§ GOAL OF THE EXERCISE: Reproduce exactly the opening lines of the listing, stopping after the line that contains "0.31 carat Round diamond G IF Excellent" and including it.

--- START ---

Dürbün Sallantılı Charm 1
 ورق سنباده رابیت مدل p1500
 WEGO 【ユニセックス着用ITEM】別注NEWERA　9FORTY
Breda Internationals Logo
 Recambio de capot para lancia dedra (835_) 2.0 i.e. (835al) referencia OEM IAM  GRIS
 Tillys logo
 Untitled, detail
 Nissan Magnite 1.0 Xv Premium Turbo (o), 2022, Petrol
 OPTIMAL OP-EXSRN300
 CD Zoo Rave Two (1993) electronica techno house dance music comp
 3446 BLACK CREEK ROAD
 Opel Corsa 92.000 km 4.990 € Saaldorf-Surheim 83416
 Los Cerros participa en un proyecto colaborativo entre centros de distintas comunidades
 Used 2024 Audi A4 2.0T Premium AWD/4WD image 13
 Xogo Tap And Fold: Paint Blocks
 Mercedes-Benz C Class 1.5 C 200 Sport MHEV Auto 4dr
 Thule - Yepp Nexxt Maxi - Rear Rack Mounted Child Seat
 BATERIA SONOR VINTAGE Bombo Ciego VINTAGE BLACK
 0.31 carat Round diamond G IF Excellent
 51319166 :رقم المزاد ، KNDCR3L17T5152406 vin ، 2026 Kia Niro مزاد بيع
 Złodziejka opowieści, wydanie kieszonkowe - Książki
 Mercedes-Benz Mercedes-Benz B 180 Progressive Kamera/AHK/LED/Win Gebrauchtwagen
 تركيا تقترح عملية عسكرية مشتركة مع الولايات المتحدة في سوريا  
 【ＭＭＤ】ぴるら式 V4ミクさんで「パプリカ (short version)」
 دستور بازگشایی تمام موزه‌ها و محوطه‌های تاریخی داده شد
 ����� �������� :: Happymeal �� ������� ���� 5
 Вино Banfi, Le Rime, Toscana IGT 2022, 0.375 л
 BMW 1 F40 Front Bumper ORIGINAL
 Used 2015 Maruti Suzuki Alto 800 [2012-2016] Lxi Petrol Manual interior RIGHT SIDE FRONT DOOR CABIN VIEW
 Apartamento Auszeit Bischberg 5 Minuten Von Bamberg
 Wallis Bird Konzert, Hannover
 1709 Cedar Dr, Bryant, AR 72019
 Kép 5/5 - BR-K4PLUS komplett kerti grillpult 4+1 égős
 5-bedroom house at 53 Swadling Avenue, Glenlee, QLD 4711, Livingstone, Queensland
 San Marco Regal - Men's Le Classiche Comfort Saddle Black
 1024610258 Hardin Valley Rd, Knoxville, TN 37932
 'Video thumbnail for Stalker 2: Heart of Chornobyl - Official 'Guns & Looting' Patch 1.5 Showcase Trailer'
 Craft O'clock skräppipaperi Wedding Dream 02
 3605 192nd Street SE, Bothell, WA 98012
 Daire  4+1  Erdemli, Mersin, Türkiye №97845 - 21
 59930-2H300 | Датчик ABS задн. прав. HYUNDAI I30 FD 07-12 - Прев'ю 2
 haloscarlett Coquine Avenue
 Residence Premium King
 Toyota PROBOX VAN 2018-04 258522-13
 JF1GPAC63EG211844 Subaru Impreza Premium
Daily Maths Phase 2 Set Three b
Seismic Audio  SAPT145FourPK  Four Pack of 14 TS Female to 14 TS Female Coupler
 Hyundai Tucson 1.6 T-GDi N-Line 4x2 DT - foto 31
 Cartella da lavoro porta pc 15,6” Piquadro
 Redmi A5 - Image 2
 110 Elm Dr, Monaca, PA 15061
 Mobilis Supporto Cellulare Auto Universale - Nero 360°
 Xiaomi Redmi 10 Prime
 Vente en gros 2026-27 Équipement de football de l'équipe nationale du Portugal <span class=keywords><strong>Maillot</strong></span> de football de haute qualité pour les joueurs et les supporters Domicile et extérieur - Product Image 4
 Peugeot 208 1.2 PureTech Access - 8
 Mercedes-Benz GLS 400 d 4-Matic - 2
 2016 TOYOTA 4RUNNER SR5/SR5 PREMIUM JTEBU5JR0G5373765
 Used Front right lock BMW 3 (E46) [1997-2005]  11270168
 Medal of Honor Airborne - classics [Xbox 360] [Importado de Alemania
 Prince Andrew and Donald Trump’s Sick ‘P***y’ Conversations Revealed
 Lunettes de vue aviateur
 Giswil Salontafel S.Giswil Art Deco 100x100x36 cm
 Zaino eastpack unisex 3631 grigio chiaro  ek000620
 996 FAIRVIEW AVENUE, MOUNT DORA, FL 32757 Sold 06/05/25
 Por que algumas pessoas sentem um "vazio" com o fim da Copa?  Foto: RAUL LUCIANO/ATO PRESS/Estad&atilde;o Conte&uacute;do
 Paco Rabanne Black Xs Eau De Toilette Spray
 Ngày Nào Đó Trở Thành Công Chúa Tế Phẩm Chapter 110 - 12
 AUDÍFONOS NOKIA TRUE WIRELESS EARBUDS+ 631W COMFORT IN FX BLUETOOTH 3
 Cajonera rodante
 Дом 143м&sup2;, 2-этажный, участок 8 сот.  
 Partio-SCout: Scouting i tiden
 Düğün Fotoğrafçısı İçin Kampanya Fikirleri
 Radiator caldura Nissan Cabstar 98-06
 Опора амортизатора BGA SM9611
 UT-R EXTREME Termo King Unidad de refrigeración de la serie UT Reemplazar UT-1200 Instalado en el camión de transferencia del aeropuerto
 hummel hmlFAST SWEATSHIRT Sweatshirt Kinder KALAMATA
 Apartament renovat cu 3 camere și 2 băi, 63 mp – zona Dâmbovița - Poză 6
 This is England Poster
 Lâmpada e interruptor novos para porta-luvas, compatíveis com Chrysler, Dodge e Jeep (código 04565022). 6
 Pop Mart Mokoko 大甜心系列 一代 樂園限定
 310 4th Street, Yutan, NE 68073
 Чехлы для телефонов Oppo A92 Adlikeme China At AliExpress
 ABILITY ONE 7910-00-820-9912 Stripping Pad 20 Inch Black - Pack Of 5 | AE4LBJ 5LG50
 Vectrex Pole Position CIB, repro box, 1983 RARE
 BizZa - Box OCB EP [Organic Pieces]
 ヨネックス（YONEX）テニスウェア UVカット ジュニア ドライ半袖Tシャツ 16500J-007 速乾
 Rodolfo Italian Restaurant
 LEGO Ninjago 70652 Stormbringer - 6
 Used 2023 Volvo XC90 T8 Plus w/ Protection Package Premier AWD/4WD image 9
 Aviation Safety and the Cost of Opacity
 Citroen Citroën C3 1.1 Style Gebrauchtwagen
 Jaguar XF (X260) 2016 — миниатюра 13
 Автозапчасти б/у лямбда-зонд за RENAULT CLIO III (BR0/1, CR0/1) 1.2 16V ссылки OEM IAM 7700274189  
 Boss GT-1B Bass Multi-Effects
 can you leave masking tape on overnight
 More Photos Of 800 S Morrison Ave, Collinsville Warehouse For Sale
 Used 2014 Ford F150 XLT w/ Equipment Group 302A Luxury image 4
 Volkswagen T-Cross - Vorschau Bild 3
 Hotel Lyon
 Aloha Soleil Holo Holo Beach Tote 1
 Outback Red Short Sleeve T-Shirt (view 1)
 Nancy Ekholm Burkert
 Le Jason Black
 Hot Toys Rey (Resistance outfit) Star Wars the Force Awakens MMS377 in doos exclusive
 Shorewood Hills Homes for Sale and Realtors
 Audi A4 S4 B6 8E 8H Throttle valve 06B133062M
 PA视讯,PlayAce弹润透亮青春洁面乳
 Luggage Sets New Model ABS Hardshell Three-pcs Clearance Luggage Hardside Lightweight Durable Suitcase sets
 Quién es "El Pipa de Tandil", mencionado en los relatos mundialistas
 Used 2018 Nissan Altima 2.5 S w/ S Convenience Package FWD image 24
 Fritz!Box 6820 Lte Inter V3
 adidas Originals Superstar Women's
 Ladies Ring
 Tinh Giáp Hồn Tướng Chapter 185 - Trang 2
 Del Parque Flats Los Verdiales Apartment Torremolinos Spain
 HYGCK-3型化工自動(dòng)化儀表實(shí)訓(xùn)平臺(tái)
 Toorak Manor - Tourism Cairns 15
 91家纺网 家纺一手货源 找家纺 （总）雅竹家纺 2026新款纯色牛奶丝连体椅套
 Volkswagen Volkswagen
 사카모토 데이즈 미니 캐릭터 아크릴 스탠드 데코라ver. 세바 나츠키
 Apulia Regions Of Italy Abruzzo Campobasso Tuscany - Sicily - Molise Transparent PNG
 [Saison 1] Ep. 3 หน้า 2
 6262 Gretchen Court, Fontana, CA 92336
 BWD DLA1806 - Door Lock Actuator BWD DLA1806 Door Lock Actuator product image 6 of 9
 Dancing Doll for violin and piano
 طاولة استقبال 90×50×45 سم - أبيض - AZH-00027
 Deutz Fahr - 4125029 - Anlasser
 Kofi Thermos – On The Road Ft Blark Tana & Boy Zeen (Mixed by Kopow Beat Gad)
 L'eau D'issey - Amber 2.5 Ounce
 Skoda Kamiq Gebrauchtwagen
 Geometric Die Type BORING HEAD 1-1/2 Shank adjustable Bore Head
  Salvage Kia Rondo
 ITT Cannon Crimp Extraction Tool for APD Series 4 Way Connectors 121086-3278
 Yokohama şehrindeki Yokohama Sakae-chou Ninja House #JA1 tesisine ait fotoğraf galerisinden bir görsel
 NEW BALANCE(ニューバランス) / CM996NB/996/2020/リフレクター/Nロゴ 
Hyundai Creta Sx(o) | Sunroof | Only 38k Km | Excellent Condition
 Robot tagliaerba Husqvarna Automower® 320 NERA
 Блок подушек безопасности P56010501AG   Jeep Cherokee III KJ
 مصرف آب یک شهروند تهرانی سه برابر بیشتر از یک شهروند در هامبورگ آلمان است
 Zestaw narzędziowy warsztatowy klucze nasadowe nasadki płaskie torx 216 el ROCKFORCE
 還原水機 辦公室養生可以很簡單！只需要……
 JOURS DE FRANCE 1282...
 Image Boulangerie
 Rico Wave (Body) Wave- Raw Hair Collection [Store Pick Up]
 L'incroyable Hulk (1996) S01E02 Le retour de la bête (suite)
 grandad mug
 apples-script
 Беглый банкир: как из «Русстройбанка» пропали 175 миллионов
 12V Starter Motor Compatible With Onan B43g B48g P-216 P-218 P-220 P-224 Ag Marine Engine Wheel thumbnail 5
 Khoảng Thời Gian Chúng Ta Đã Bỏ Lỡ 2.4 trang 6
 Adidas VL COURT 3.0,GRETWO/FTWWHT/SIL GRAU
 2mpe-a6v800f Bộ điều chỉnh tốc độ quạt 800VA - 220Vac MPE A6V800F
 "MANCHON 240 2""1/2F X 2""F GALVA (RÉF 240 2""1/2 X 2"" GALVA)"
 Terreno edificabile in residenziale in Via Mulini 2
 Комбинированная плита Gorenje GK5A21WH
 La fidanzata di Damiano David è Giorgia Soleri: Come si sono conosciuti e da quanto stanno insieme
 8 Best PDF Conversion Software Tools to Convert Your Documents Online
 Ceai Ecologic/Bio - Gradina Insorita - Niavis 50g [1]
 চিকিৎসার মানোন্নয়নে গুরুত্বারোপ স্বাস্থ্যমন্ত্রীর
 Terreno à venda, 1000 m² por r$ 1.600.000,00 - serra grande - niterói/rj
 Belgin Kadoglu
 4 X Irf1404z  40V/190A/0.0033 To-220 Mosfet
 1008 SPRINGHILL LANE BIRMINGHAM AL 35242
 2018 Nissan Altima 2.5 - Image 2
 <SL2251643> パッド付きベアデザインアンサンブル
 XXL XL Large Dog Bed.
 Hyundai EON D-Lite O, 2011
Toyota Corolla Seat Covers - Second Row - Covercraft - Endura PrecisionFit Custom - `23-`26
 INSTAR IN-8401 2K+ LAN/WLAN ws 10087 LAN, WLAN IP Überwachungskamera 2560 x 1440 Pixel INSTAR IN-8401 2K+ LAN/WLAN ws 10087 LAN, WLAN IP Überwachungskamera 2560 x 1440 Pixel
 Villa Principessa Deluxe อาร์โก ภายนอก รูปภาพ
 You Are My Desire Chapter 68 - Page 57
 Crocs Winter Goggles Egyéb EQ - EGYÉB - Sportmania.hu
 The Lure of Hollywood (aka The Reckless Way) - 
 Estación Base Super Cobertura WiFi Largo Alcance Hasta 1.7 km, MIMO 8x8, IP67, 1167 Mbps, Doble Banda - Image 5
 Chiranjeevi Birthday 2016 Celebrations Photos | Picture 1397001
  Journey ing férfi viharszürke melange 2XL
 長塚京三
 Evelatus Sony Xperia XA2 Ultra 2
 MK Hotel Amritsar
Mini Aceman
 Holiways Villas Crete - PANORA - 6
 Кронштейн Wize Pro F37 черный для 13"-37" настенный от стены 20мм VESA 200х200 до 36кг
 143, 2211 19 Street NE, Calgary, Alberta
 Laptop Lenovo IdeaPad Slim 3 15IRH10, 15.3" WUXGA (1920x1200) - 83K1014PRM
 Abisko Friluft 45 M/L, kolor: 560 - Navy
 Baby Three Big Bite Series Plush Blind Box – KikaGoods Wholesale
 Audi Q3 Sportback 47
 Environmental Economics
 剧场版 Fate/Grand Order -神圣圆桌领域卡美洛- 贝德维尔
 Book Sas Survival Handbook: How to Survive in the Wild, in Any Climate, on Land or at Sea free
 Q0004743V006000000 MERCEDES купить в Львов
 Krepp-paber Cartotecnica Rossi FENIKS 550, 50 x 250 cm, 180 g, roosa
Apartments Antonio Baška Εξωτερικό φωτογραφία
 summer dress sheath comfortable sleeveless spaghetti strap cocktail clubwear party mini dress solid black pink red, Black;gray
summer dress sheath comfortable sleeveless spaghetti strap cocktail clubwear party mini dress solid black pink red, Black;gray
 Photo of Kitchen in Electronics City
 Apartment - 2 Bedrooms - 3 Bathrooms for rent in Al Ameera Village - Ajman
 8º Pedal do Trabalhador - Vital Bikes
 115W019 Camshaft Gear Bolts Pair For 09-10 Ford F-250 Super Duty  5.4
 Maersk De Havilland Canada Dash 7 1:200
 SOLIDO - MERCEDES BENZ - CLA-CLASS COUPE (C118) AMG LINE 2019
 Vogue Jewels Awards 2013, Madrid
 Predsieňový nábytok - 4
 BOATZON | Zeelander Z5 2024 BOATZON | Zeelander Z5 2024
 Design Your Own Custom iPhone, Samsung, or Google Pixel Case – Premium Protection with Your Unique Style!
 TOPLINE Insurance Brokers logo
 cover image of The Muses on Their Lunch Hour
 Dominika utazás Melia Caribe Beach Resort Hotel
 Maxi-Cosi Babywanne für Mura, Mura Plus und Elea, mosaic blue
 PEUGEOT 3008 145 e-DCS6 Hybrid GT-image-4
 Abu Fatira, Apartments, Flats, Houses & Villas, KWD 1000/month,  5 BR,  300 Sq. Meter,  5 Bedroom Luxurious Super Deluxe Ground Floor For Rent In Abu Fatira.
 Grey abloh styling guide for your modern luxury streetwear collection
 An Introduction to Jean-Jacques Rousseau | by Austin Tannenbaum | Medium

--- END ---

§ YOUR RESPONSE:
Dürbün Sallantılı Charm 1
 ورق سنباده رابیت مدل p1500
 WEGO 【ユニセックス着用ITEM】別注NEWERA　9FORTY
Breda Internationals Logo
 Recambio de capot para lancia dedra (835_) 2.0 i.e. (835al) referencia OEM IAM  GRIS
 Tillys logo
 Untitled, detail
 Nissan Magnite 1.0 Xv Premium Turbo (o), 2022, Petrol
 OPTIMAL OP-EXSRN300
 CD Zoo Rave Two (1993) electronica techno house dance music comp
 3446 BLACK CREEK ROAD
 Opel Corsa 92.000 km 4.990 € Saaldorf-Surheim 83416
 Los Cerros participa en un proyecto colaborativo entre centros de distintas comunidades
 Used 2024 Audi A4 2.0T Premium AWD/4WD image 13
 Xogo Tap And Fold: Paint Blocks
 Mercedes-Benz C Class 1.5 C 200 Sport MHEV Auto 4dr
 Thule - Yepp Nexxt Maxi - Rear Rack Mounted Child Seat
 BATERIA SONOR VINTAGE Bombo Ciego VINTAGE BLACK
 0.31 carat Round diamond G IF Excellent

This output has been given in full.